§ Exercise description
When you repeat the entries, reproduce each line exactly and omit every picture.

§ Entries provided
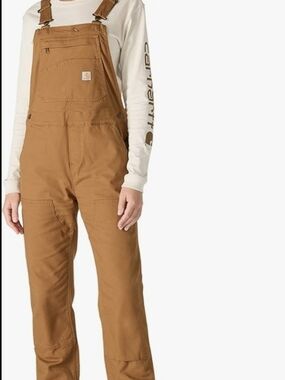 Carhartt Womens Rugged Flex Loose Fit Canvas Bib Overall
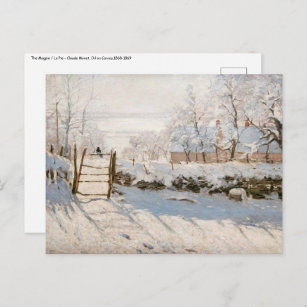 Claude Monet - The Magpie Postcard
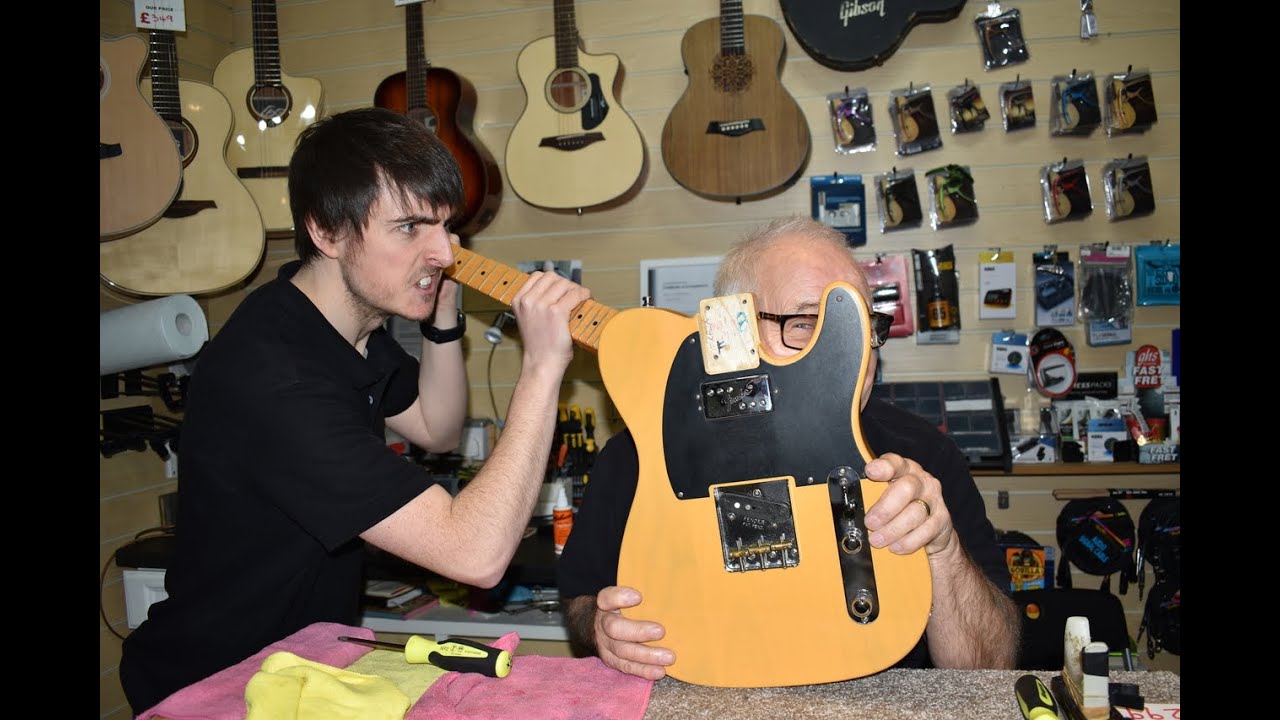 Fender American Original 50s Reissue Telecaster Restring, Set Up & Test (Includes Outtakes)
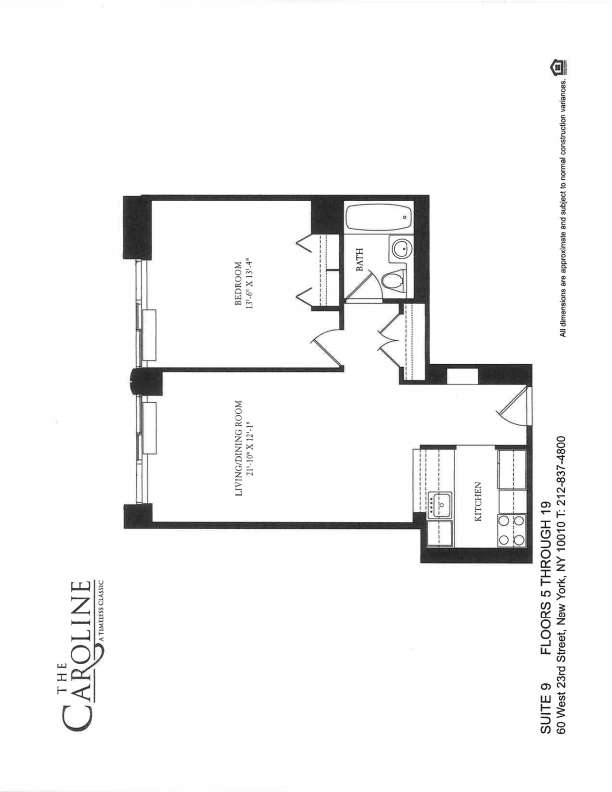 60 W 23rd Street 1809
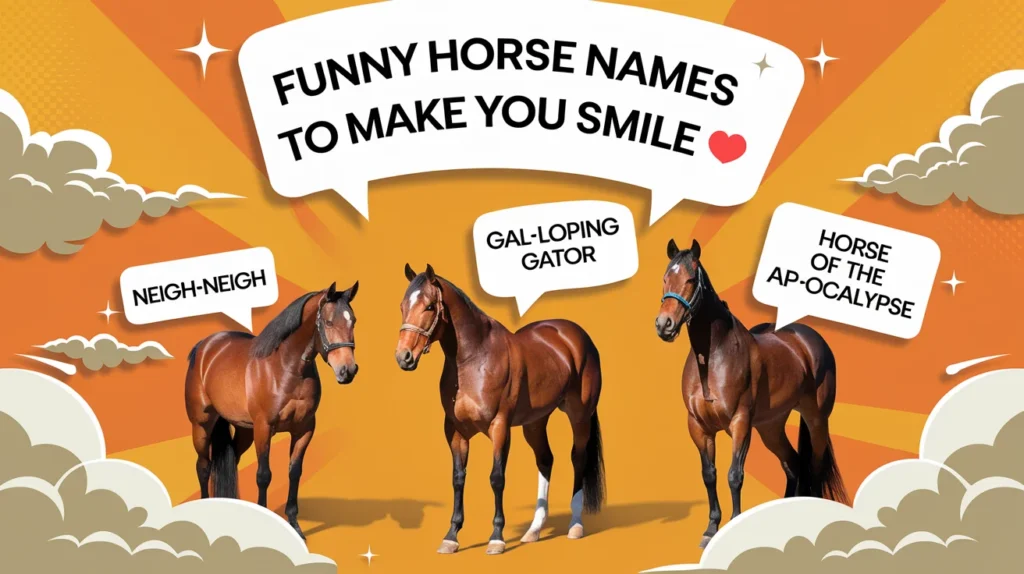 200+Funny Horse Names to Make You Smile 😄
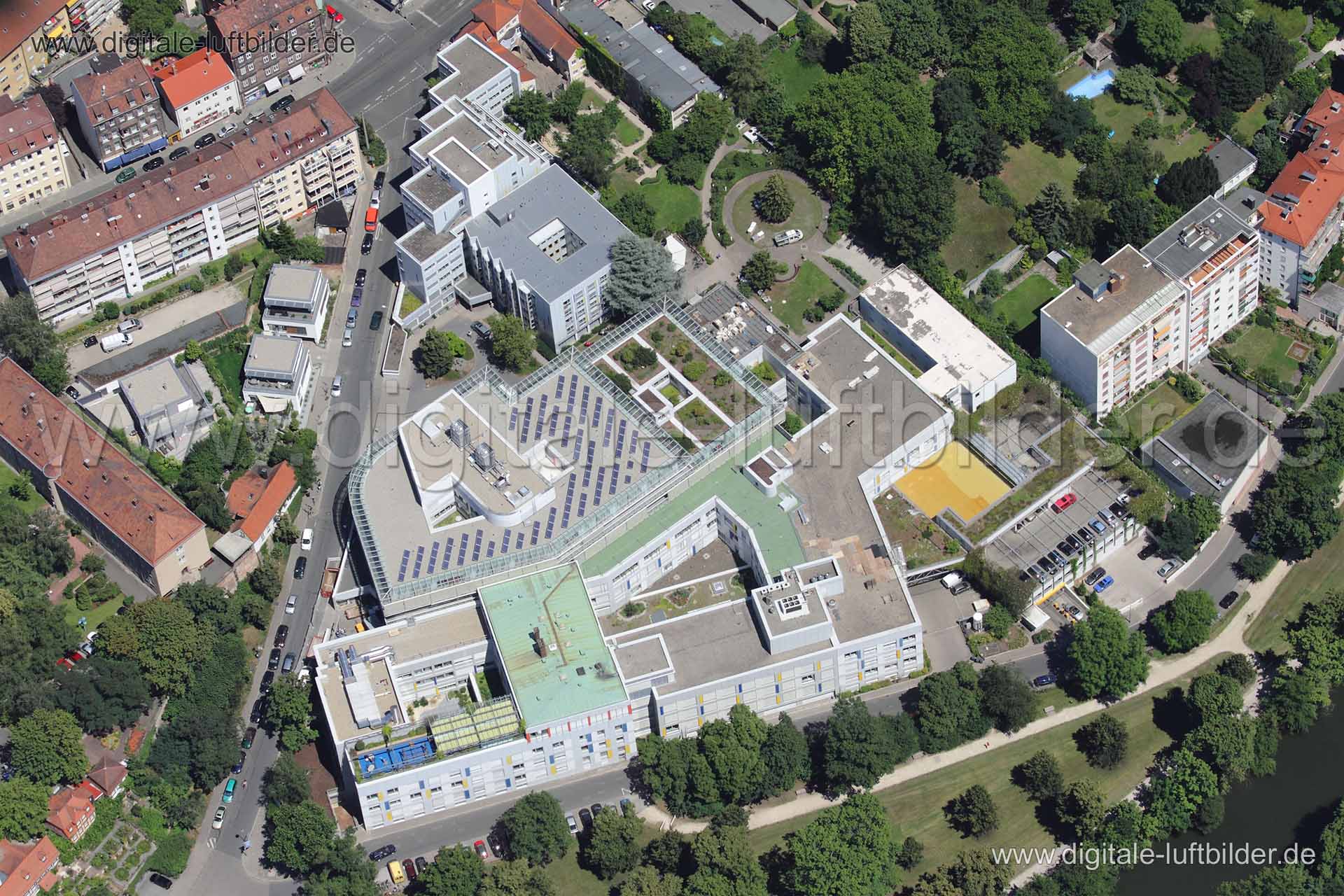Luftaufnahme Klinik Hallerwiese in Nürnberg | Mittelfranken, Bayern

§ Answer section
 Carhartt Womens Rugged Flex Loose Fit Canvas Bib Overall
 Claude Monet - The Magpie Postcard
 Fender American Original 50s Reissue Telecaster Restring, Set Up & Test (Includes Outtakes)
 60 W 23rd Street 1809
 200+Funny Horse Names to Make You Smile 😄
Luftaufnahme Klinik Hallerwiese in Nürnberg | Mittelfranken, Bayern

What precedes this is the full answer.